Sunday, March 18, 2007

 

Paolo Ruffilli's Joy and Mourning.


I've been giving some thought to Paolo Ruffilli's Joy and Mourning first published in Italian in 2001 and in translation by Dedalus in 2004. It's a beautiful homage to life and death, centred around the suffering of a young man dying from AIDS. It hooks you with an opening inscription, which you soon learn is not a statement of pessimism, despair, or negativity, but a truth born out of experiencing and witnessing suffering.

The truth is
whether in being born or dying
deep down there is not
my daughter said
weeping,
any respect for the dignity of life
in this world.


Having lifted the curtain by confronting us with this fact, the poem takes us through the socially hidden suffering and death of the young man, and onto the various thoughts of those who witness him die. Their speculations on subjects such as life and death, or being and consciousness, rise silently from the page, as if others are present, and nothing can be voiced aloud. It's intriguing stuff, and ought to be made into a play: unlike much of Beckett it resist the cheap gag.

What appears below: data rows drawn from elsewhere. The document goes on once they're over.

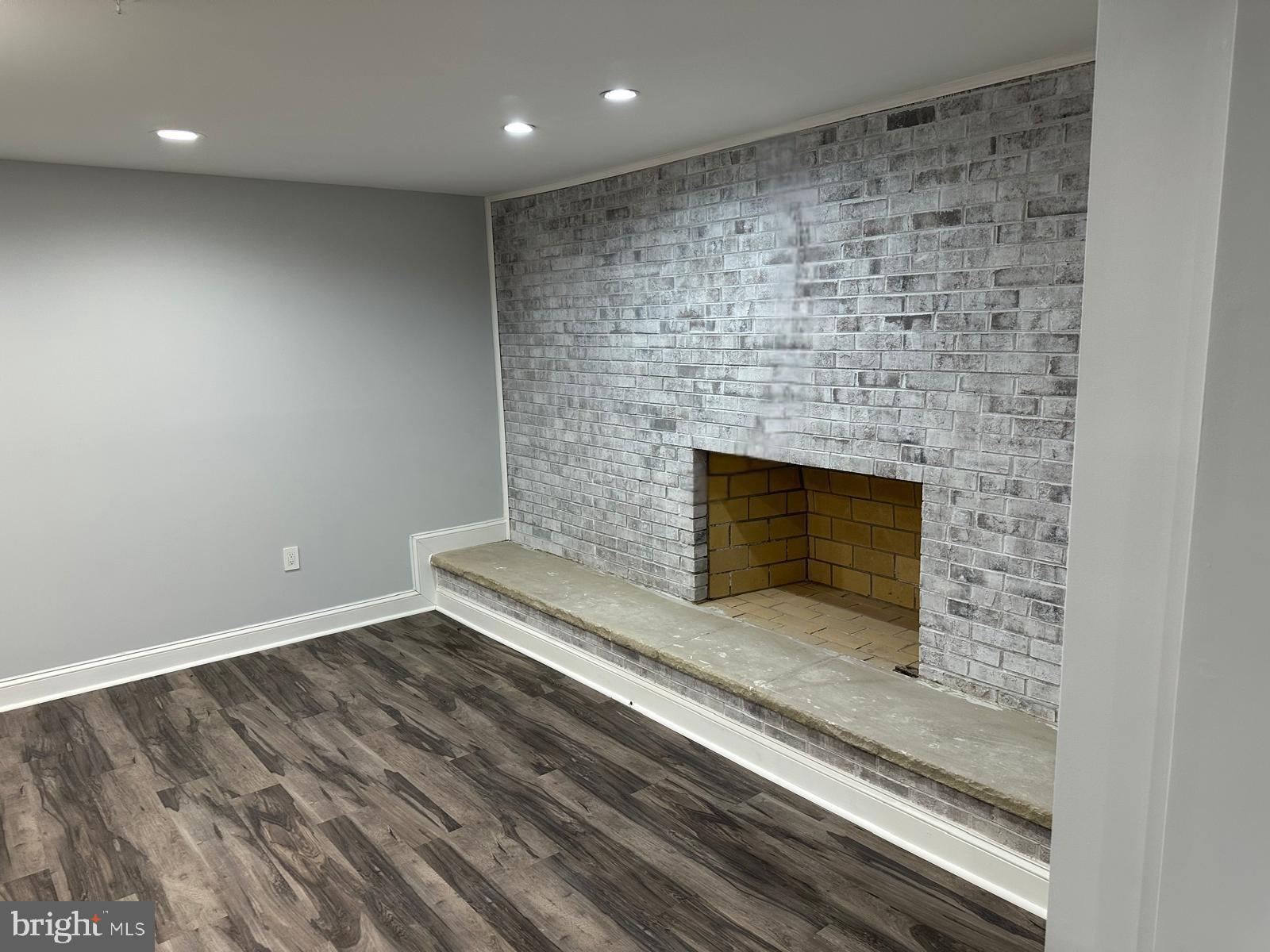 UPPER MARLBORO - Residential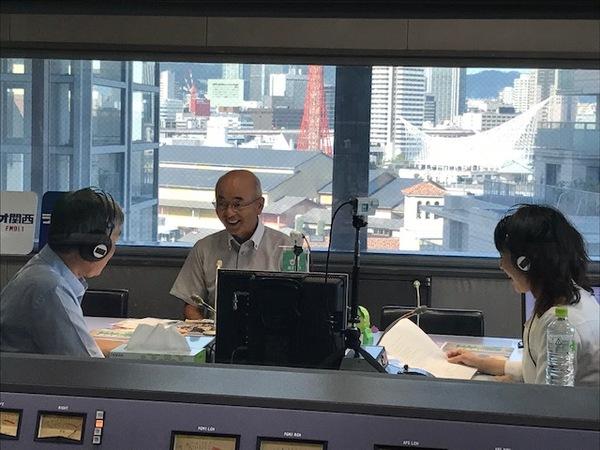 ラジオの収録部屋で3人の男女が話をしている写真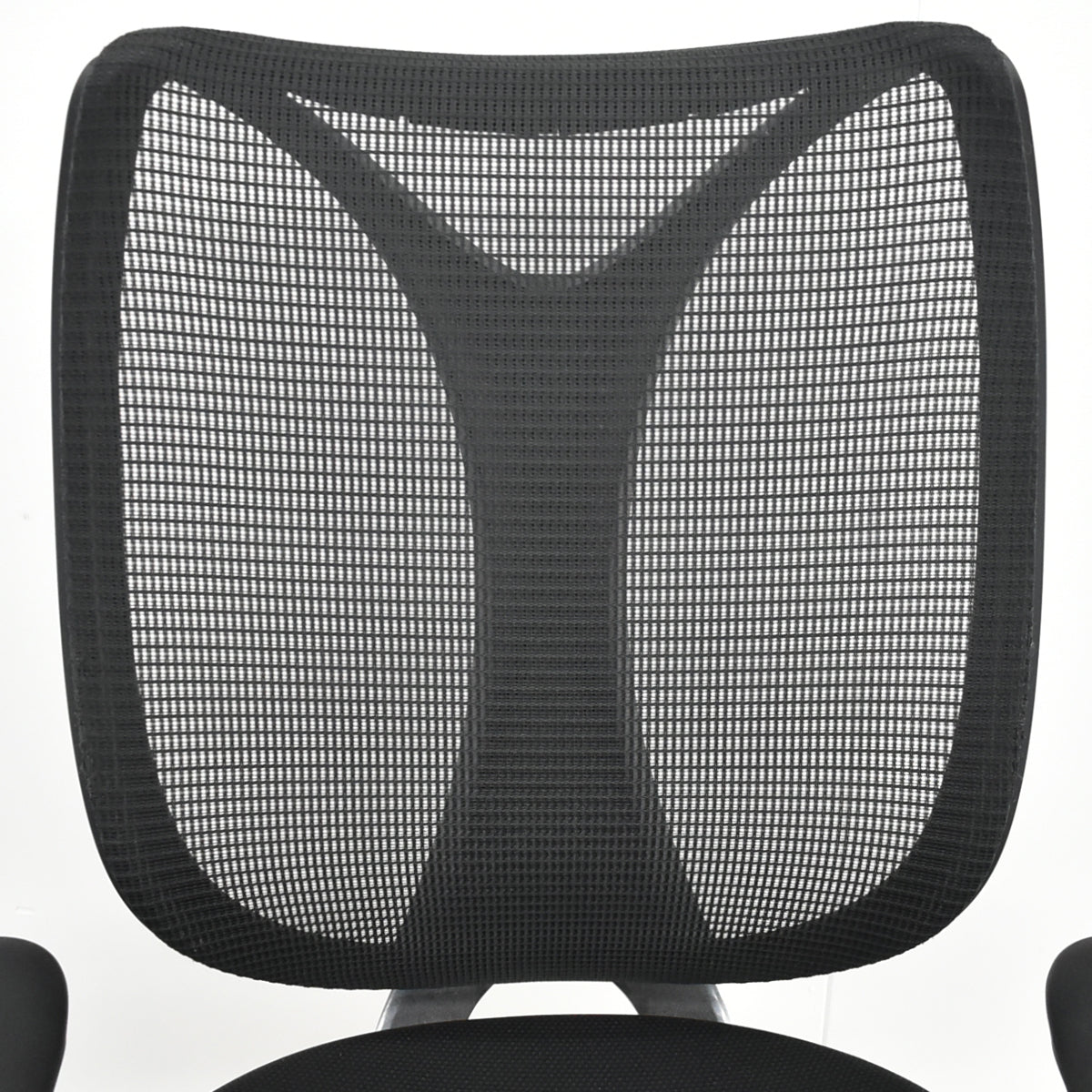 【中古】オカムラ　サブリナ　スマートオペレーション　可動肘　ポリッシュ脚　前傾機能なし　2025101603【中古オフィス家具】【中古】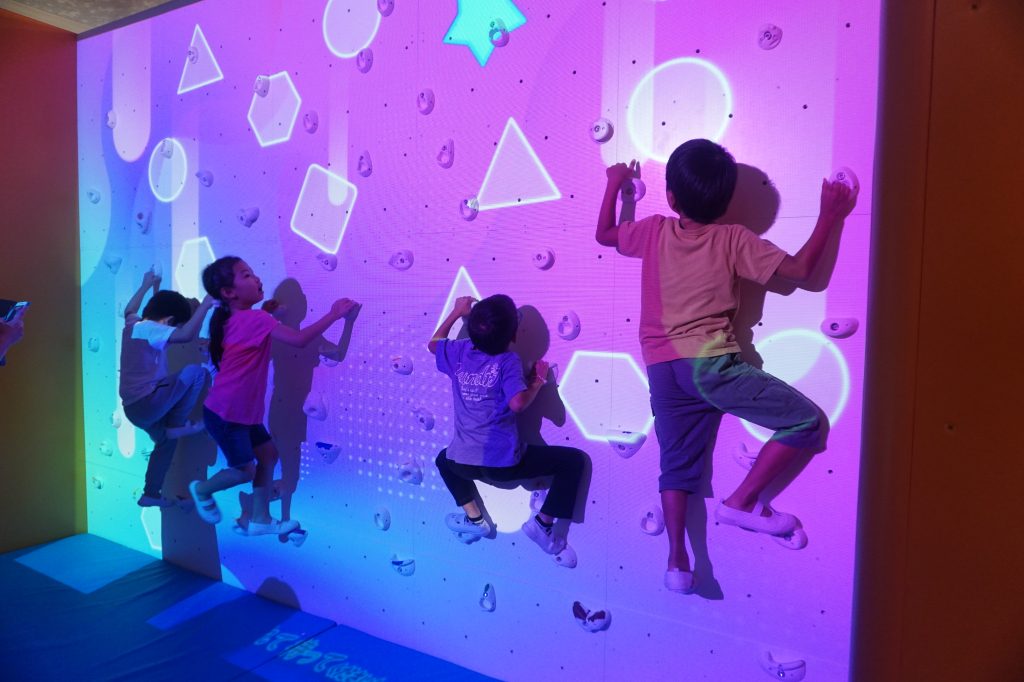 「デジタルクライミング」/ファンタジーキッズリゾート(東京都/武蔵村山市)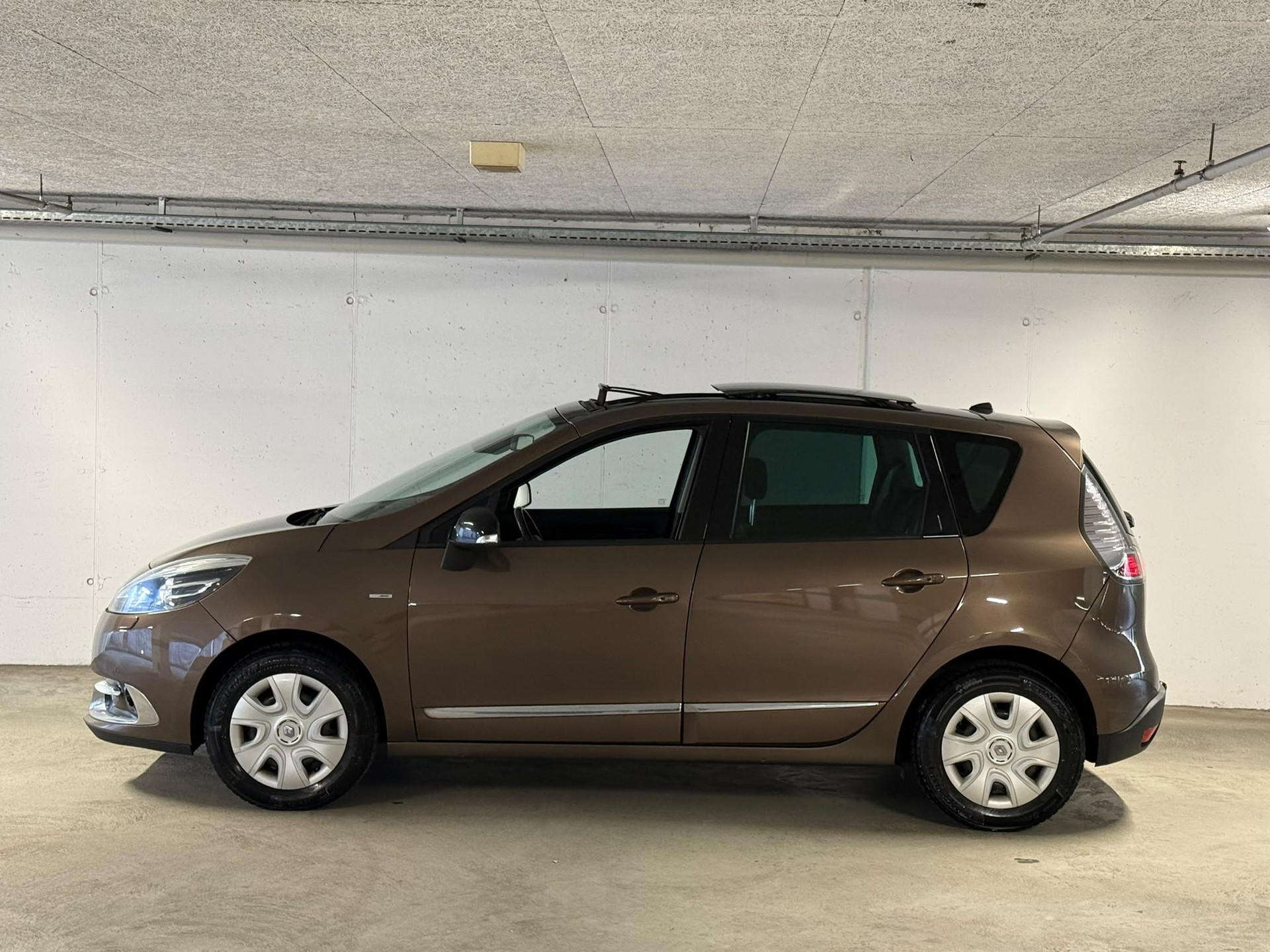 RENAULT Scénic 1.5 dCi Swiss Edition EDC-image-6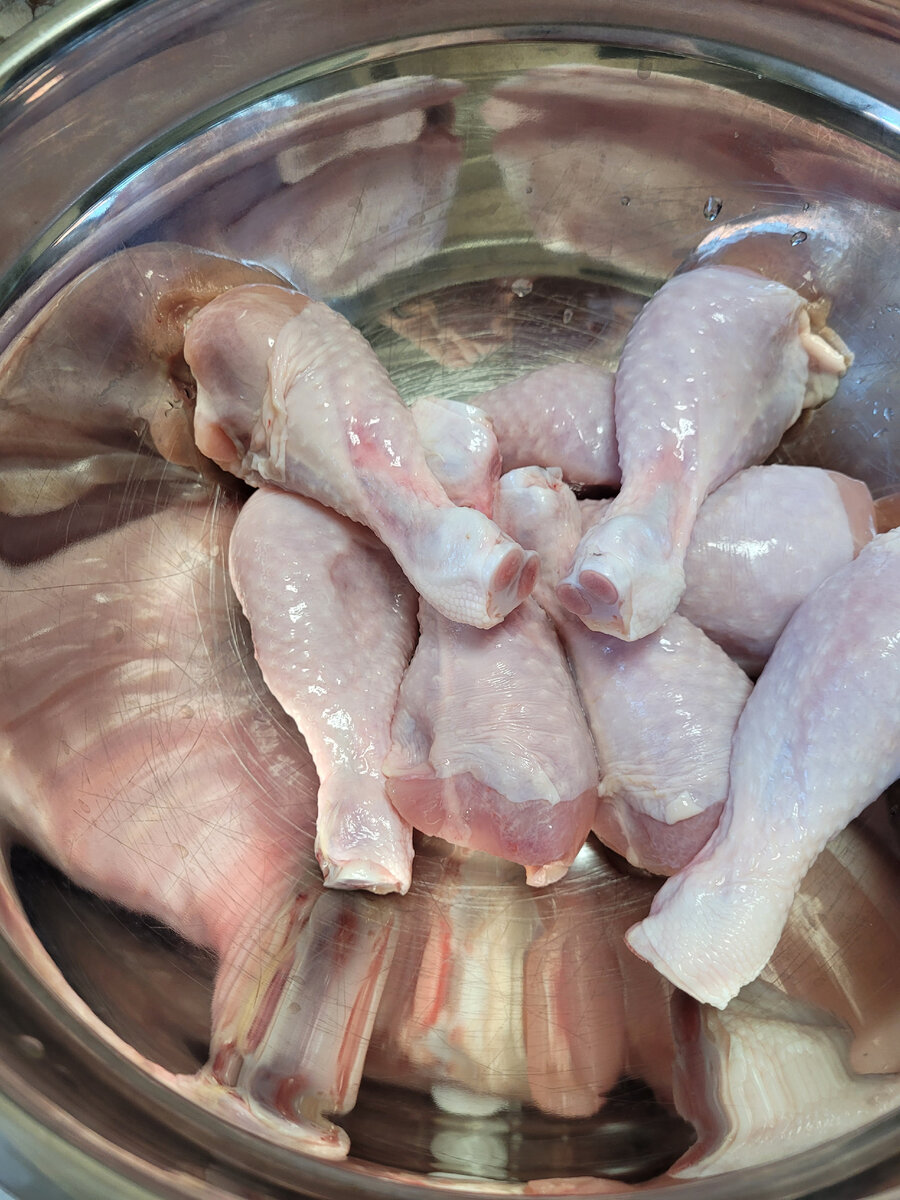 Голень хорошо промыть, просушить.Мясо замаринуем.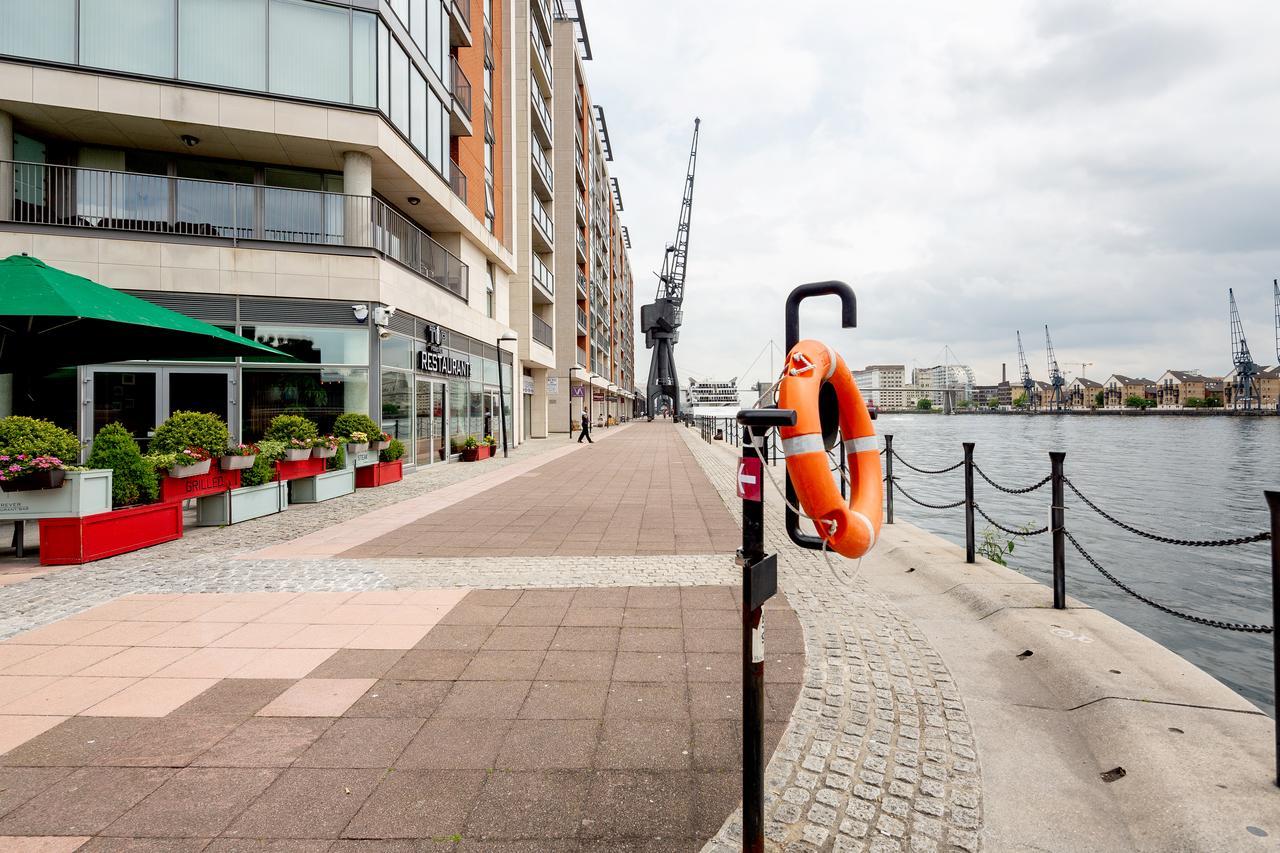 Royal Docks Penthouse Apartment London Bagian luar foto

There is no lost thought here, nor cold platitudes. Nameless voices speculate about the void, nothingness, and the absolute indifference of nature; and though some even find comfort in this unpleasant death, the possibility of an uncomfortable death for each of them (and the reader), refuses to disappear from the horizon. And yet, somehow, Ruffilli, through this considered meditation, manages to breath a little life into death, to give it face, expression, temperance. Not by illusion, but by stating the facts, as the seem, as they are, as they may well be.